Imagine you are a master chef trying to cook a complex dish (writing code) for a specific restaurant (a software project). To cook perfectly, you need to know the restaurant's secret recipes, the specific brands of ingredients they use, and the layout of their kitchen.

In the world of AI coding, this "restaurant knowledge" is the code repository—thousands of files containing the project's history, rules, and style.

The Problem: The "Too Much Information" Trap

Traditional AI coding assistants try to solve this by reading the entire restaurant's recipe book before they start cooking.

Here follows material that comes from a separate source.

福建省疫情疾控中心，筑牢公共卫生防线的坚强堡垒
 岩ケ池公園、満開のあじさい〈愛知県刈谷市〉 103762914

  • The Old Way (Snippet Injection): The AI grabs huge chunks of raw text from the project and pastes them into its prompt. It's like the chef trying to read 500 pages of a cookbook while simultaneously chopping onions. It's slow, the kitchen gets messy (noise), and the chef often forgets what they were doing because there's too much to read.
  • The Graph Way: Other systems try to map out the kitchen like a subway map (a graph) to find connections. This is accurate but requires building a new map every time you order a dish, which takes forever.

The Solution: HEF (The "Smart Summary" System)

The paper introduces Hierarchical Embedding Fusion (HEF). Think of this as hiring a super-efficient sous-chef who prepares a "cheat sheet" for the main chef.

Here is how HEF works, broken down into three simple steps:

1. The Offline Prep: Building the "Cheat Sheet"

Before the main chef ever starts cooking, the sous-chef (the Fuser) goes through the entire restaurant's recipe book.

  • Instead of copying the whole book, the sous-chef reads a few pages, summarizes them into a single "flavor note" (a dense vector), and then summarizes those notes into a "menu summary."
  • They keep doing this, creating a hierarchy:
    • Level 1: Summaries of individual functions (like "How to chop an onion").
    • Level 2: Summaries of whole files (like "The entire Salad Station").
    • Level 3: Summaries of the whole project (like "The Restaurant's Vibe").
  • This entire process happens offline. It's done once, stored away, and doesn't slow down the actual cooking.

2. The Online Order: The "Pseudo-Token" Magic

Now, a customer orders a dish (the AI needs to write a line of code).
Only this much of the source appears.